In 2017 Rep. Rob Bishop said he would retire if he won re-election to Congress in 2018. Now, it appears Bishop may be rethinking that decision.
Several sources close to Bishop tell UtahPolicy.com he has not made a final determination about running for another term in Washington in 2020. He has reportedly been telling close associates and other supporters he intends to make a final determination about whether he’ll retire from Congress next year or run for a 10th term in Washington either by the end of the summer or early September.
“He’s been telling people the thought that he’ll retire may be a bit premature,” said a close associate of Bishop.
Why would Bishop backtrack on what seemed to be, at least at the time, a definitive statement?
“I think it’s buyers remorse,” said one ally of the congressman. “The same thing happened with Jim Hansen (Bishop’s predecessor). He decided to retire from Congress, then wondered if he was doing the right thing.”
Hansen ended up running for governor in 2004 but ended up losing the GOP nomination to Jon Huntsman. Like Hansen, Bishop has been linked to a possible gubernatorial run in 2020.

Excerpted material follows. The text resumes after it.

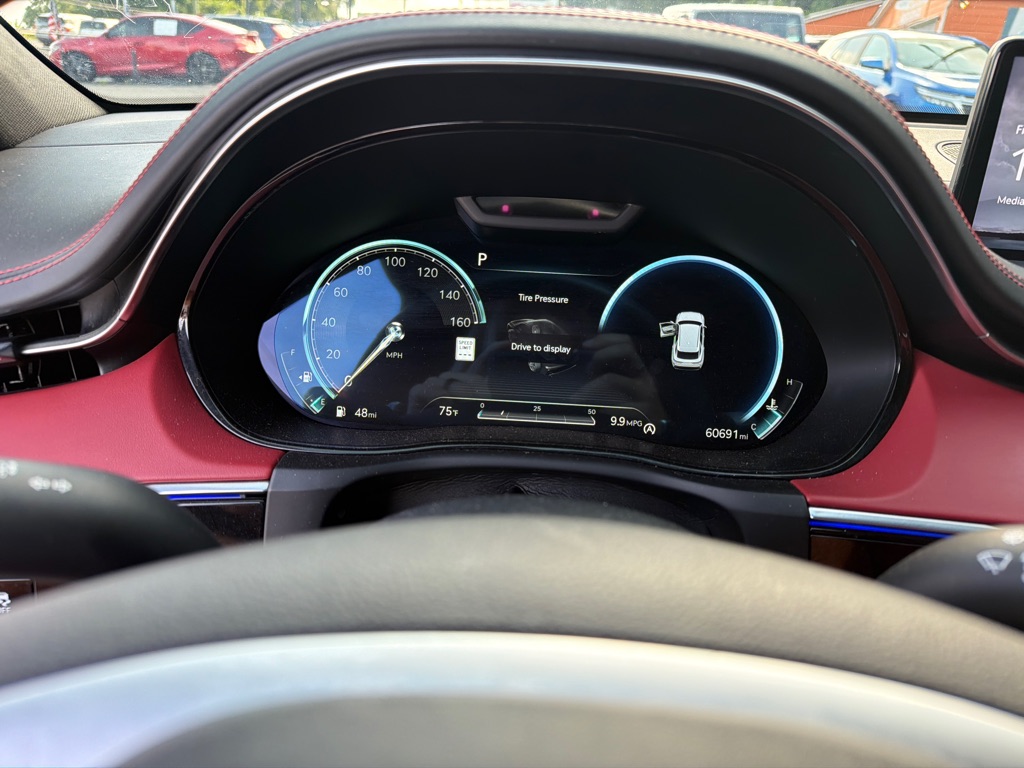 Photo 14 of this GENESIS GV70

One big factor in Bishop’s decision is which party ends up in control of the House following the 2020 elections.
“I can tell you, he absolutely hates being in the minority,” said a longtime advisor to Bishop. “If he thinks Republicans can retake control, he may decide to run again.”
Devin Wiser, Bishop’s chief of staff, seemingly confirmed that the congressman has been having second thoughts about calling it quits when this term is up, but he stressed that Bishop is not thinking about that right now.
“Rep. Bishop has been surprised by how many folks in Utah have approached him, asking him to run again to represent the 1st district. Much of the rationale is compelling and deserves consideration. But, for the time being, the Congressman is wholly focused on the 116th Congress,” he said in an email.
Wiser also said he would expect Bishop to make a final decision about his political future in late summer or early fall.
On Wednesday, UtahPolicy.com reported several Republicans are considering running to replace Bishop next year, including Rep. Logan Wilde, R-Croydon, Rep. Stephen Handy, R-Layton, businessman Bruce Hough and Utah Credit Union Association President and CEO Scott Simpson. Wilde said he is likely to jump into the race, but it all depends on whether Bishop decides to retire.